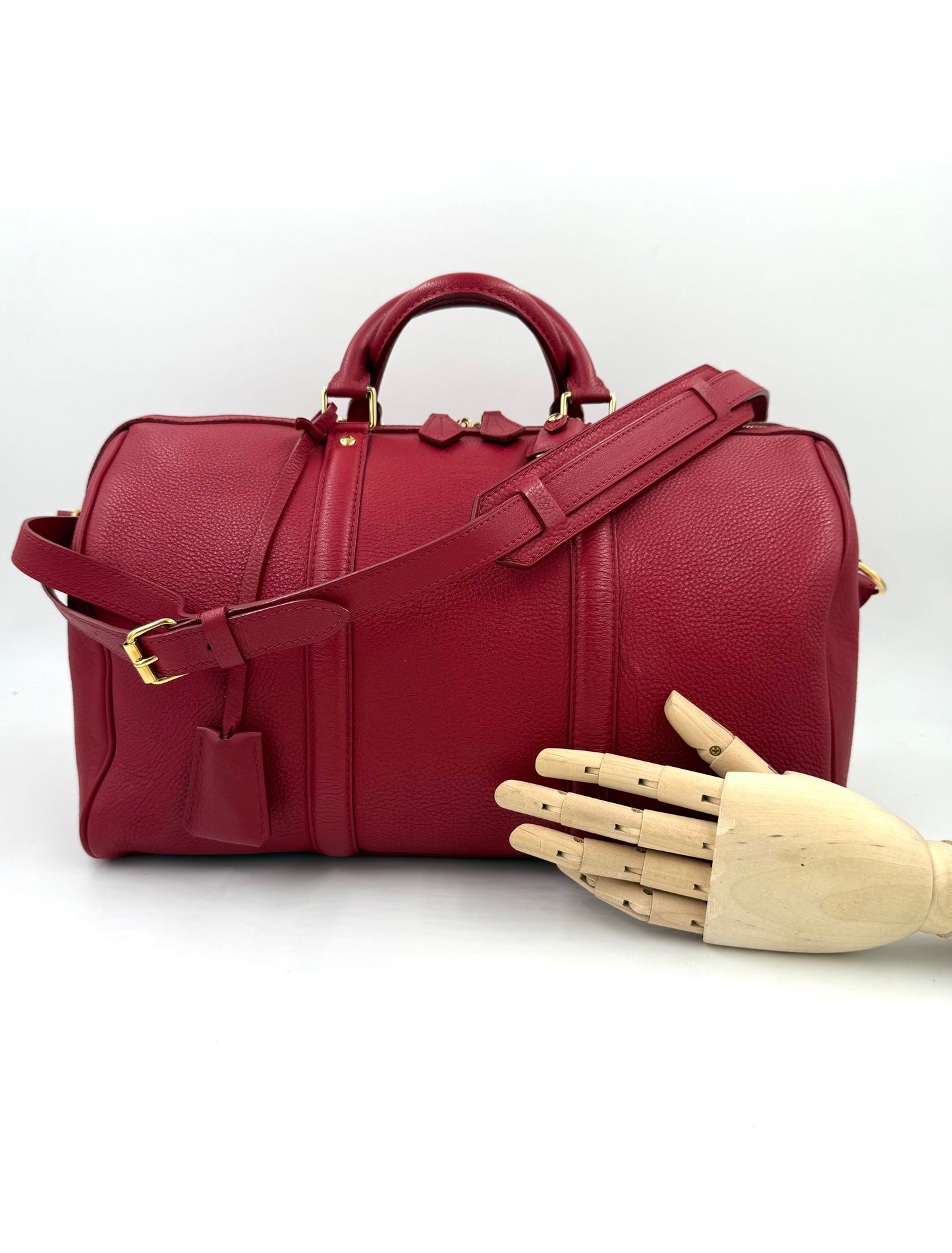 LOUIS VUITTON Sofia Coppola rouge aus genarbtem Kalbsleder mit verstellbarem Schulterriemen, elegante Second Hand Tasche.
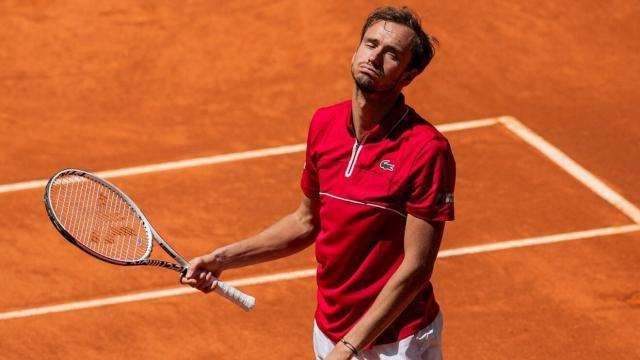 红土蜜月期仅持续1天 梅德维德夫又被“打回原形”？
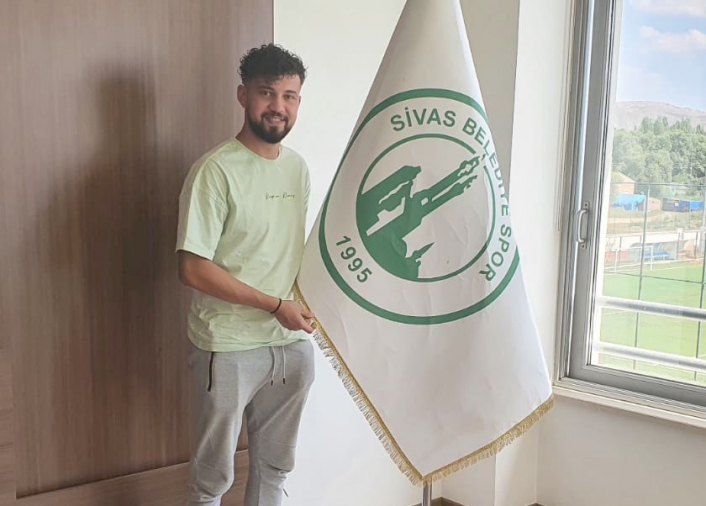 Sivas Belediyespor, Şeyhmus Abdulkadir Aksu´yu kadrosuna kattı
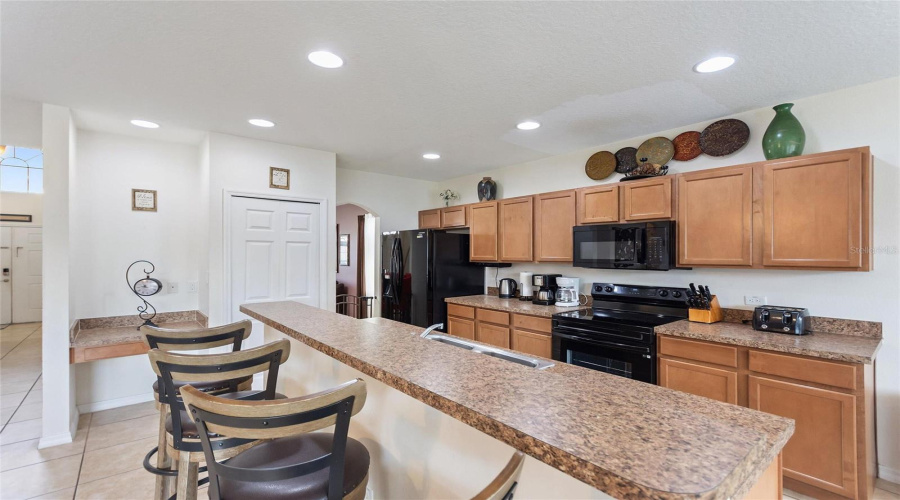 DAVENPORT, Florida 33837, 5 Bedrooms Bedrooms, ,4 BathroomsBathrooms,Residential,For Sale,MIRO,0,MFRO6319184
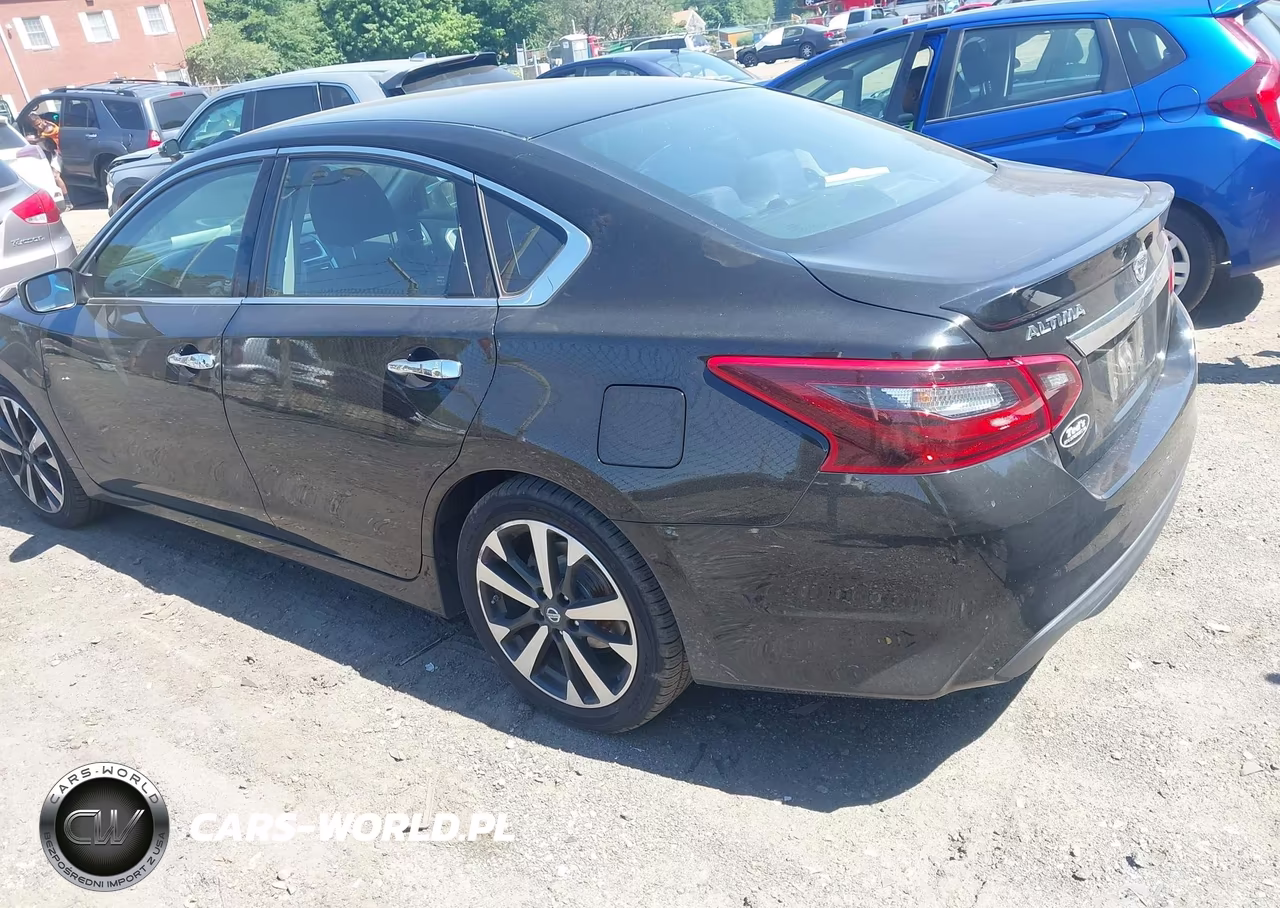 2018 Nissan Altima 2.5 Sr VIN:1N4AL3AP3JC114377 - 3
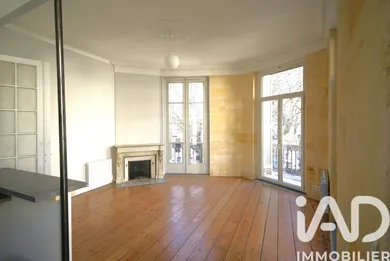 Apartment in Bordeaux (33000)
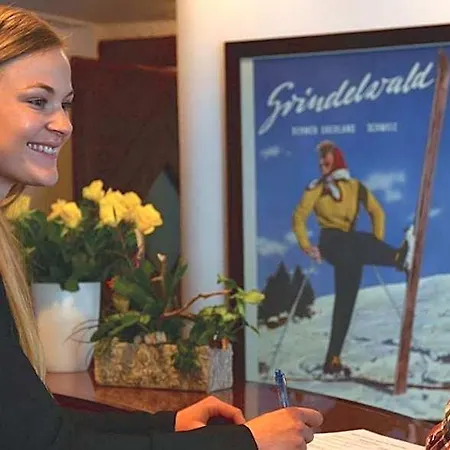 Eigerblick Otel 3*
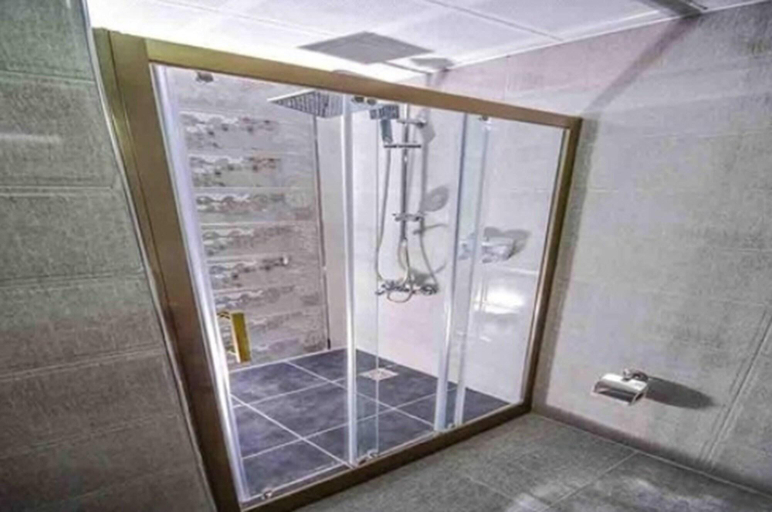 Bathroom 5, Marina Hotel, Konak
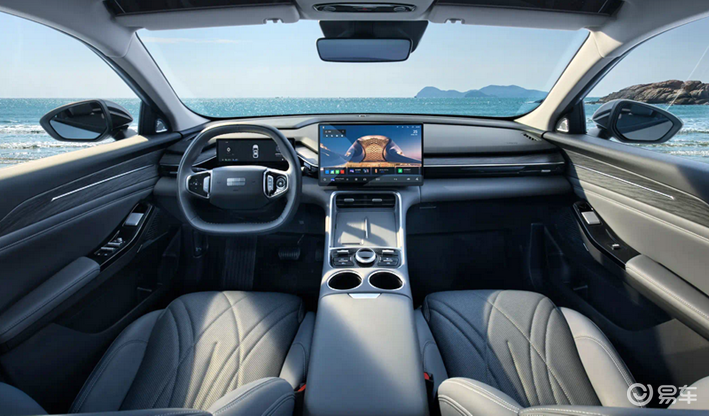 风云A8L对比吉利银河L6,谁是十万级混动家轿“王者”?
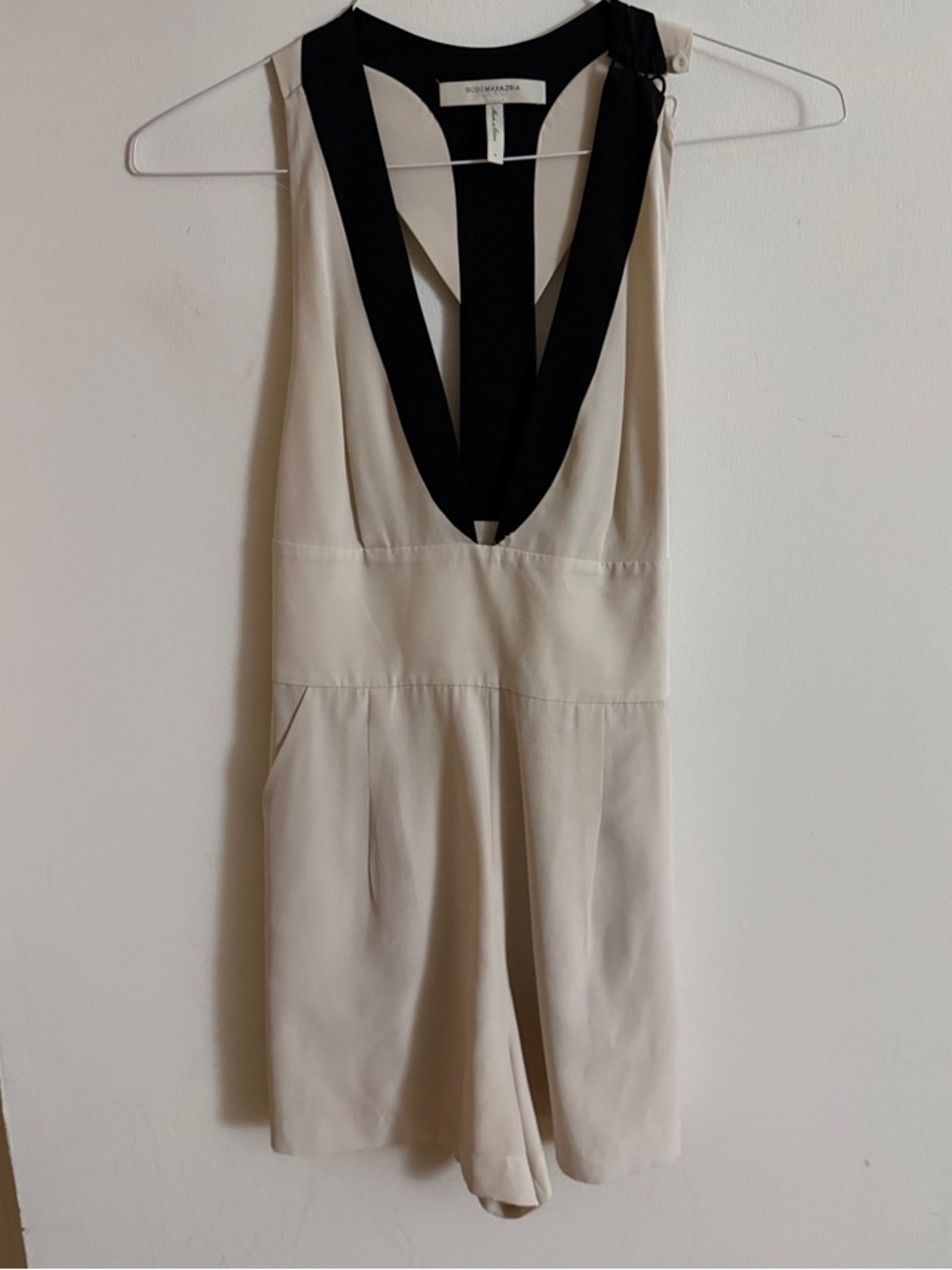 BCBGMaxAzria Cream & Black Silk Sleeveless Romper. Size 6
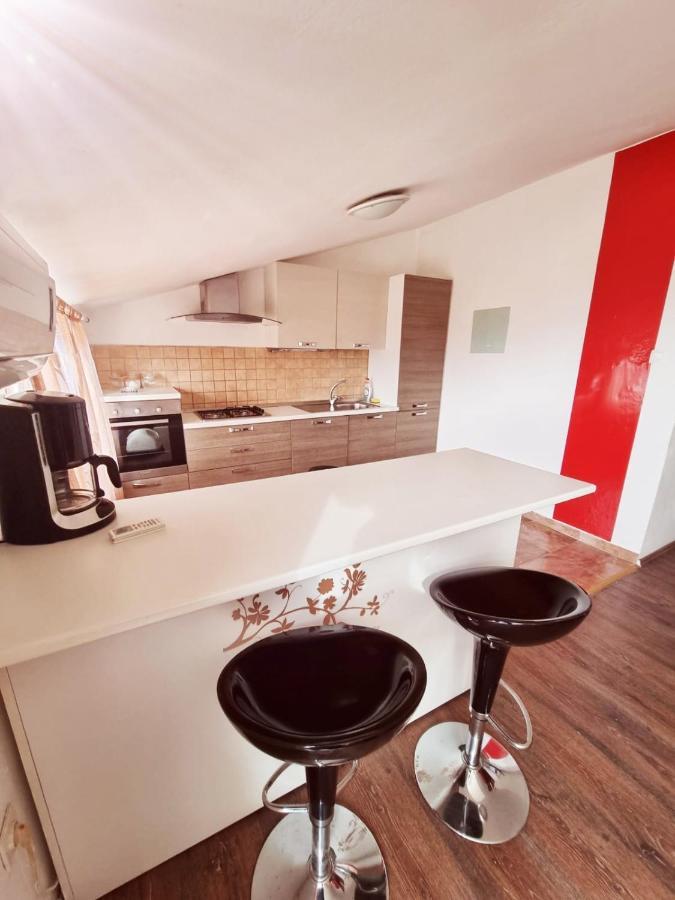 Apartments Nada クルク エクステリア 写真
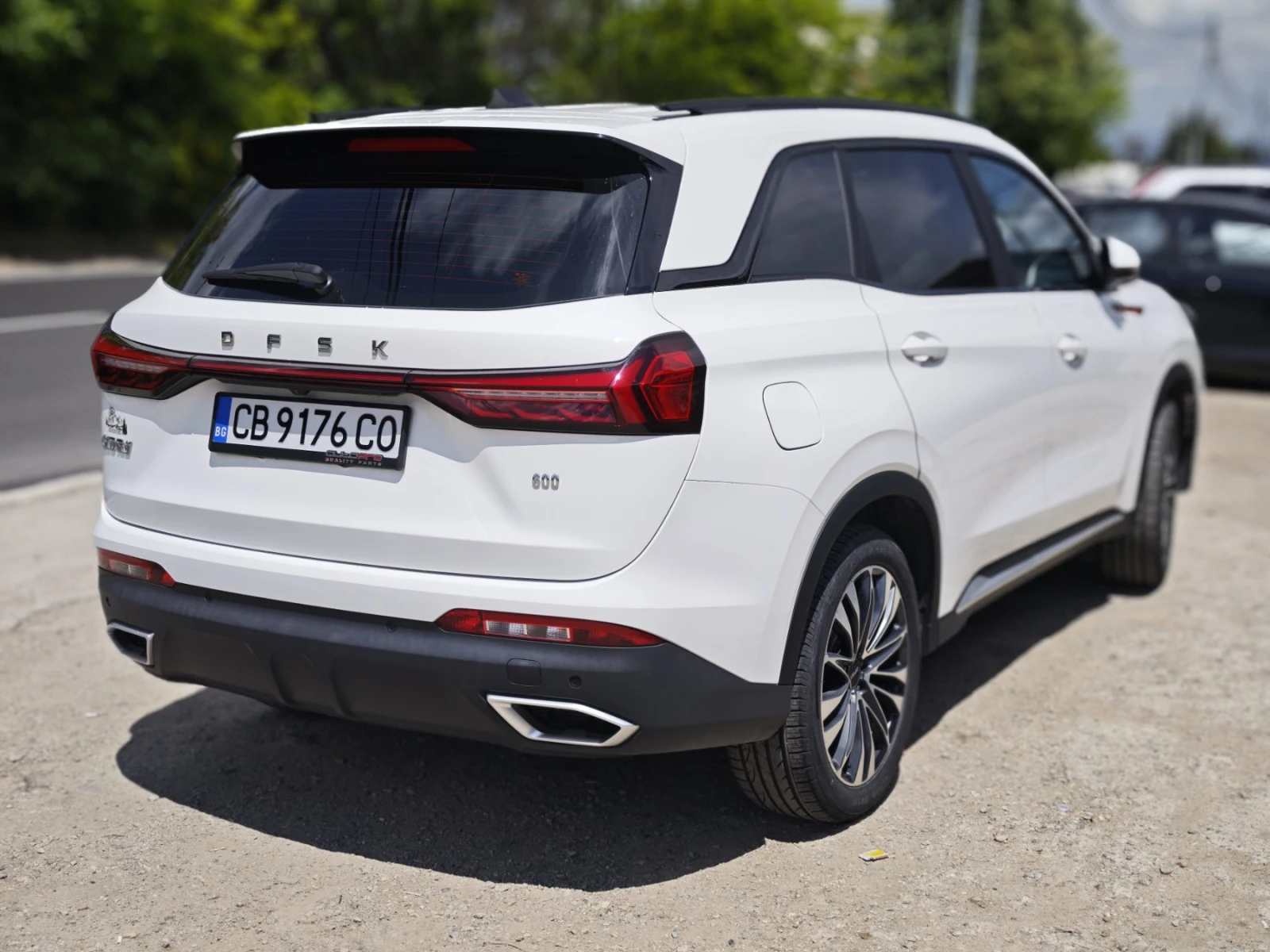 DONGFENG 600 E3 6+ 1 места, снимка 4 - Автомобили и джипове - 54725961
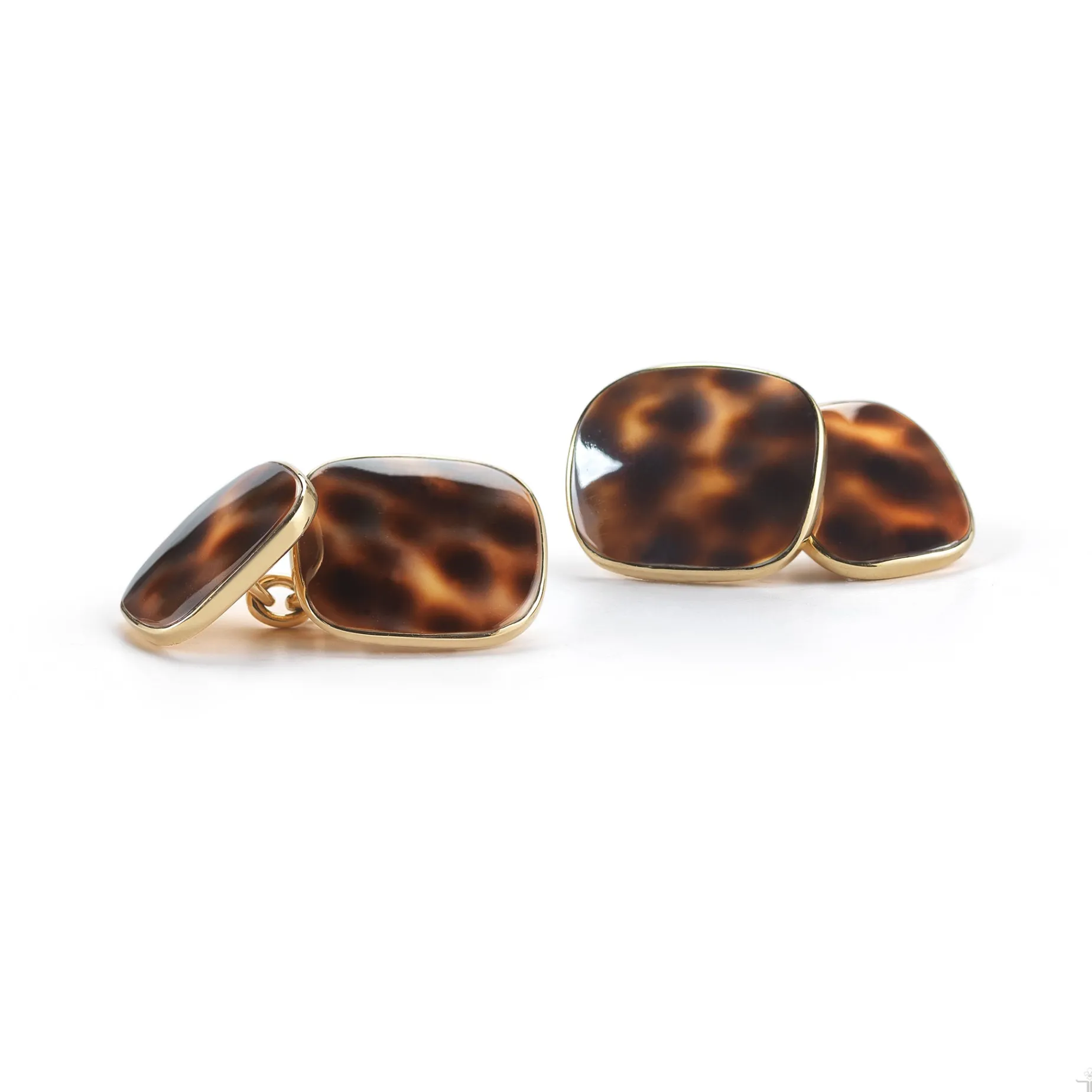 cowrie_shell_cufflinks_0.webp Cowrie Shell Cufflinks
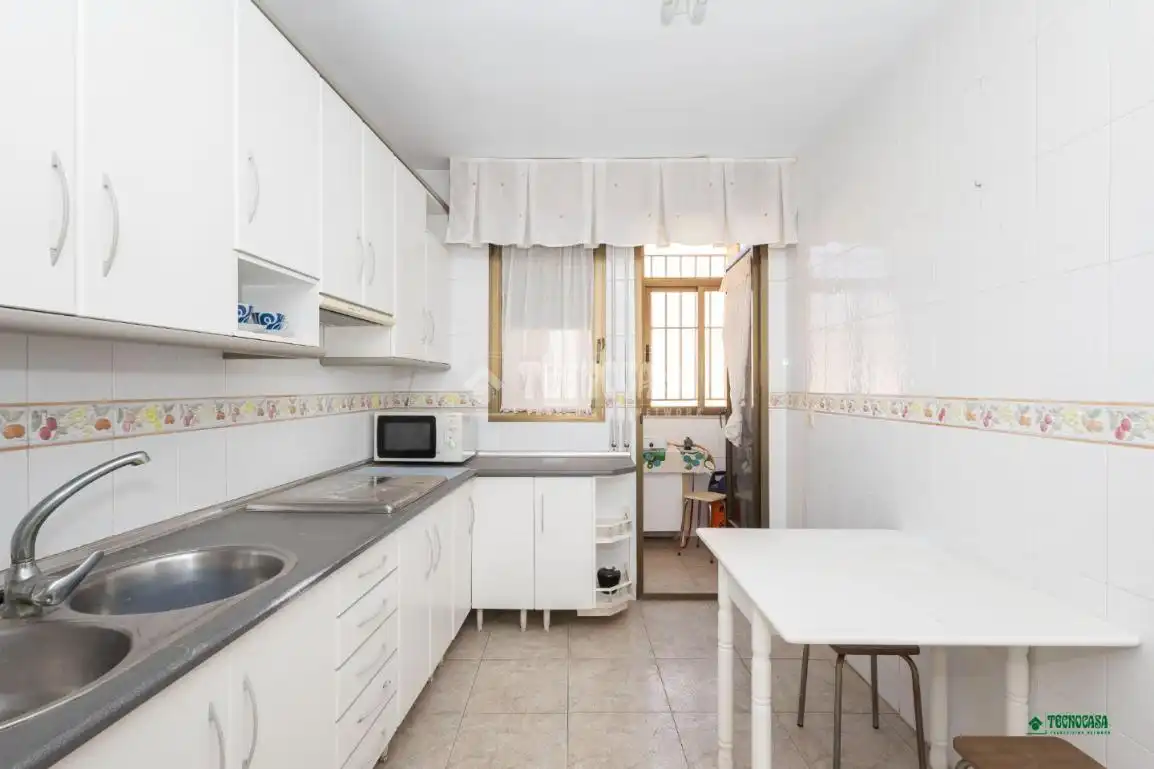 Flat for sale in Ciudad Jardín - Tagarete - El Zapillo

+--

#### WHAT NEEDS TO BE DONE
When you come to the line containing "DONGFENG 600 E3" in the records above, repeat that line and all lines after it exactly, but not the pictures.

#### RESPONSE TO THIS TASK
 DONGFENG 600 E3 6+ 1 места, снимка 4 - Автомобили и джипове - 54725961
 cowrie_shell_cufflinks_0.webp Cowrie Shell Cufflinks
 Flat for sale in Ciudad Jardín - Tagarete - El Zapillo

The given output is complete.